• _RECORD EXTRACTS_:

↓↓↓

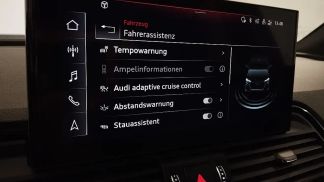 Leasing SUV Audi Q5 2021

↑↑↑
↓↓↓

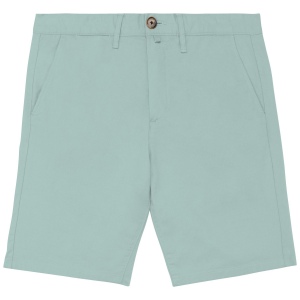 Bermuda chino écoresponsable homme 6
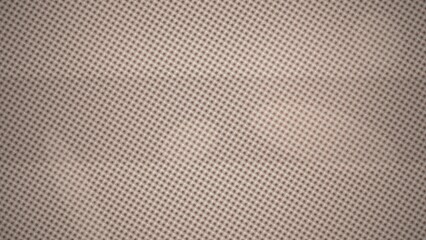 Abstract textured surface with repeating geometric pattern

↑↑↑

• _INSTRUCTIONS TO FOLLOW_:
Write out word for word the lines above that run from the one with "Bermuda chino écoresponsable homme 6" to the one with "Abstract textured surface". Include both end lines; exclude the images.

• _REPLY_:
 Bermuda chino écoresponsable homme 6
 Abstract textured surface with repeating geometric pattern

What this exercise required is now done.